Caption-style text data
++++
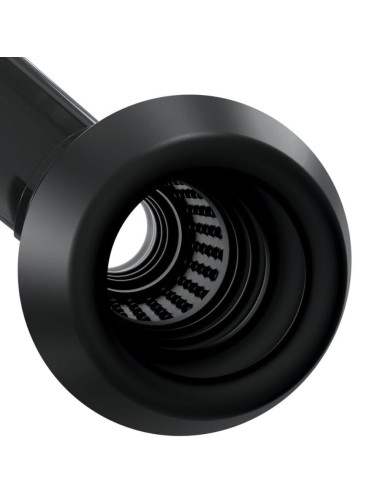 PDX ELITE - DOUBLE AQUATIC AUTOMATIC MASTURBATOR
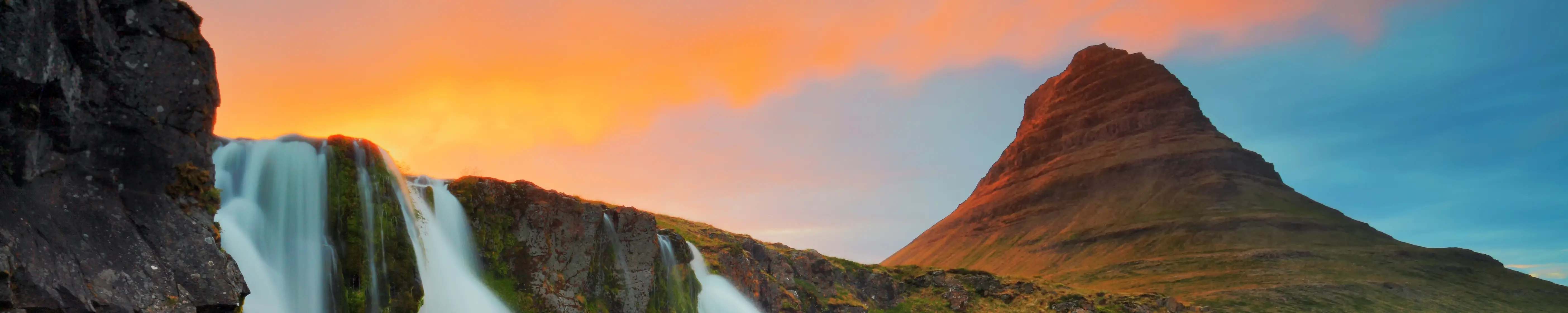 Grundarfjörður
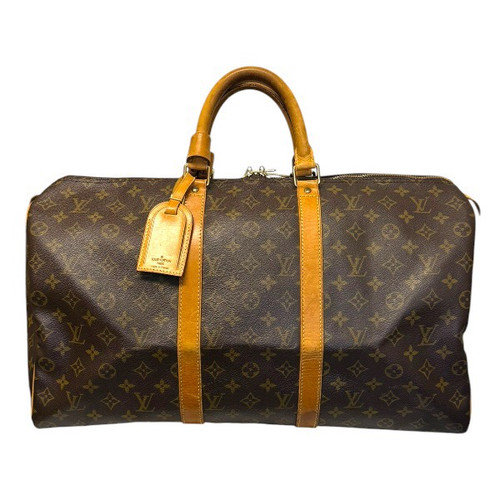 Borsa louis vuitton monogram - borsa,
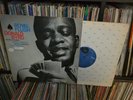 Donald Byrd Royal Flush BN UA BST-84101'78 Vgelder Stereo Dead Wax Unplayed  NM
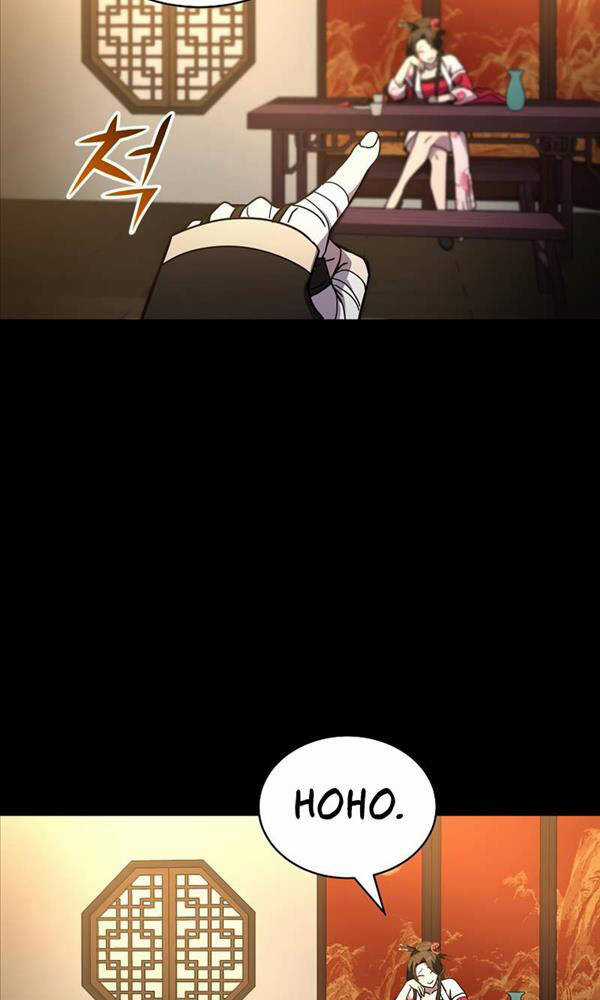 Streamer Cuộc Sống Thường Ngày Tại Võ Lâm Chapter 20 trang 52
++++
### About this exercise
Copy out, without any pictures, the lines of the records above from the one containing "Borsa louis vuitton" through the final line, both ends included.

### Result below
 Borsa louis vuitton monogram - borsa,
 Donald Byrd Royal Flush BN UA BST-84101'78 Vgelder Stereo Dead Wax Unplayed  NM
 Streamer Cuộc Sống Thường Ngày Tại Võ Lâm Chapter 20 trang 52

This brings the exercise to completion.